Consider a simple linear regression where the real model is given by $y_i=\beta_1+\beta_2 x_{i} + \epsilon_i$ where $(\epsilon_i)$ are iid, centered, with variance $\sigma^2$. Which of the following statements are always true?

• 1. Assume that $R^2=1$ in a simple linear regression, it means that all the $(x_i,y_i)$ are on the same line.
• 2. Even if the adjusted coefficient of determination $R_a^2=1$, it may happen sometimes that $Y \neq \hat Y$.
• 3. The adjusted coefficient of determination may be negative.

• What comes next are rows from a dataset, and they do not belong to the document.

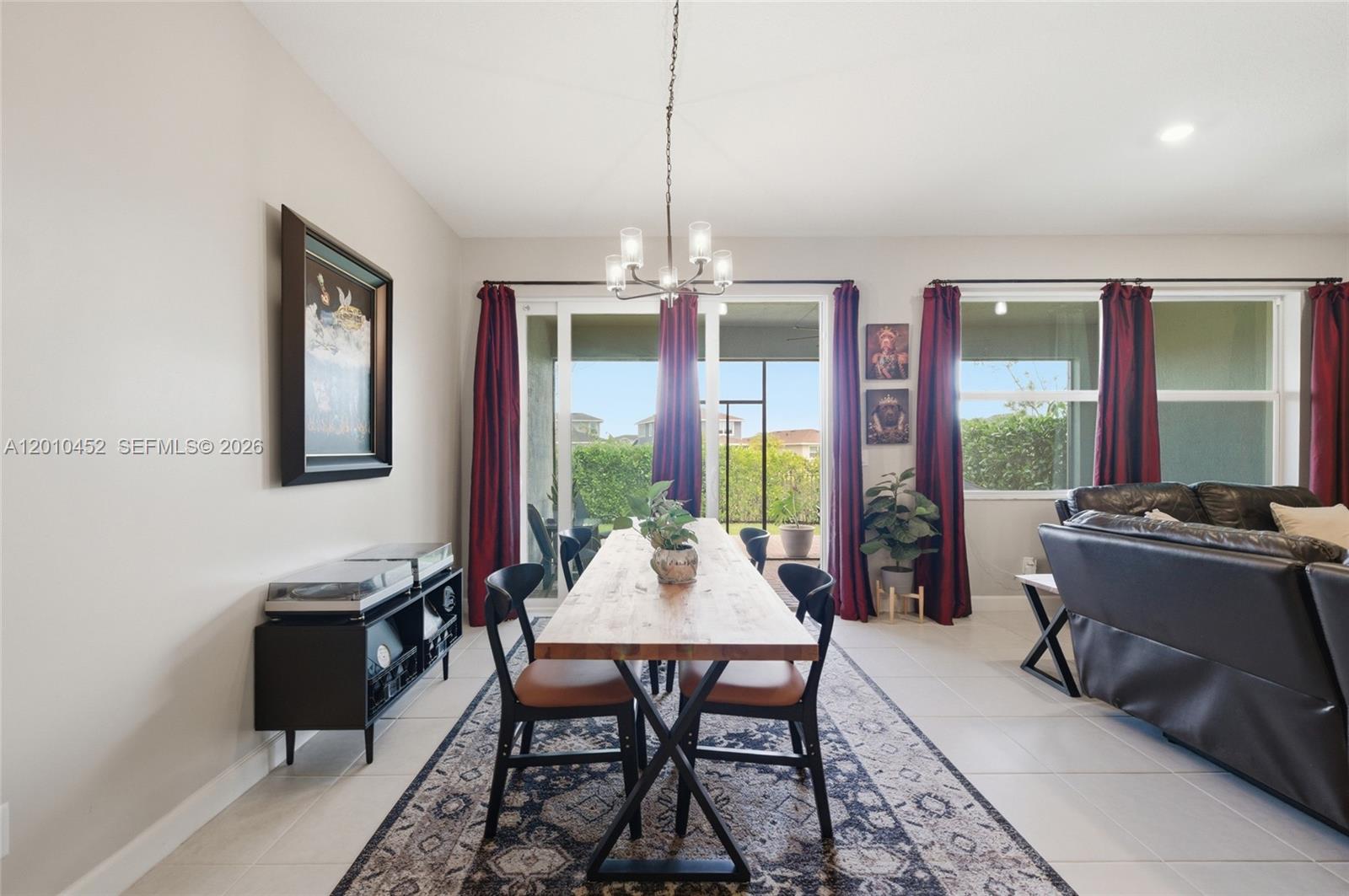 Homes for sale in Loxahatchee, FL | 1902 Wandering Willow Way, Loxahatchee, FL 33470 | MLS# A12010452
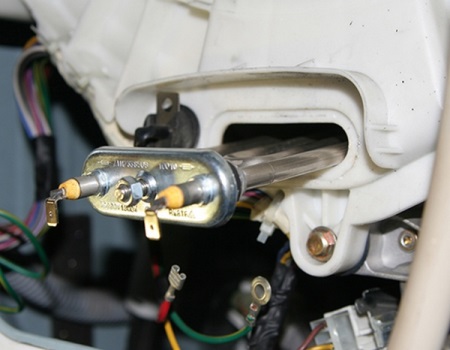 Lämmityselementin asentaminen pesukoneeseen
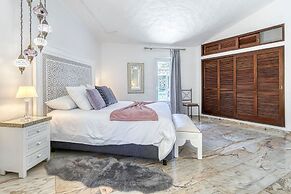 Golfinhos Magnificent Spacious 5 Bedroom Villa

Consider a multiple linear regression model $Y=X\beta +\epsilon$ where $\mathrm{rank}(X)=p$ and $\PE[\epsilon]=0$ and $\Var(\epsilon)=\sigma^2 I$ are satisfied. We write $X=[X_1|\ldots|X_p]$. Denote by $\hat \beta$ the OLS estimator of $\beta$ obtained from the regression of $Y$ on $\{X\beta,\ \beta \in \rset^p\}$. Define $P_X=X(X'X)^{-1}X'=[h_{i,j}]_{1\leq i, j\leq n}$. Which of the following statements are true?

• 4. We always have $\sum_{i=1}^n \hat \epsilon_i=0$, even when none of the vectors $X_i$ is equal to the vector $\mathsf{1}$.

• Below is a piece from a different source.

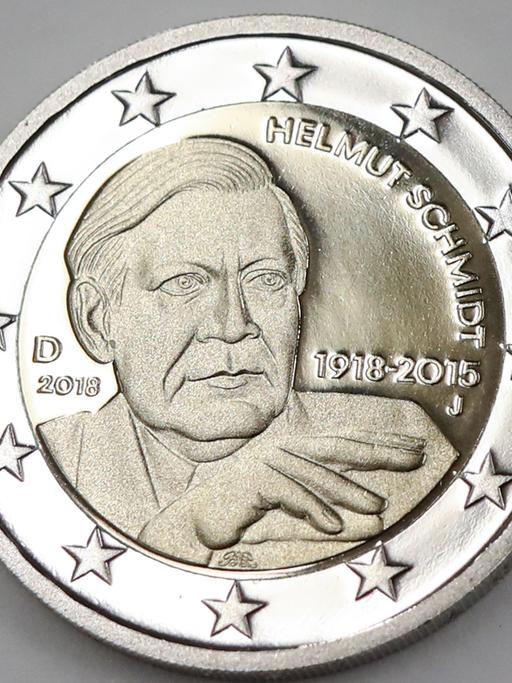Eine frisch geprägte 2-Euro-Münze mit dem Konterfei des ehemaligen Bundeskanzlers Helmut Schmidt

• 5. $\hat Y$ is always orthogonal to $\hat \epsilon$, even when none of the vectors $X_i$ is equal to the vector $\mathsf{1}$.
• 6. Define $\tilde \beta \in \argmin_{\beta} \sum_{i=1}^n |Y_i-x'_i \beta|$. Then the SSE associated with $\hat \beta$ is not always smaller that the SSE associated to $\tilde \beta$.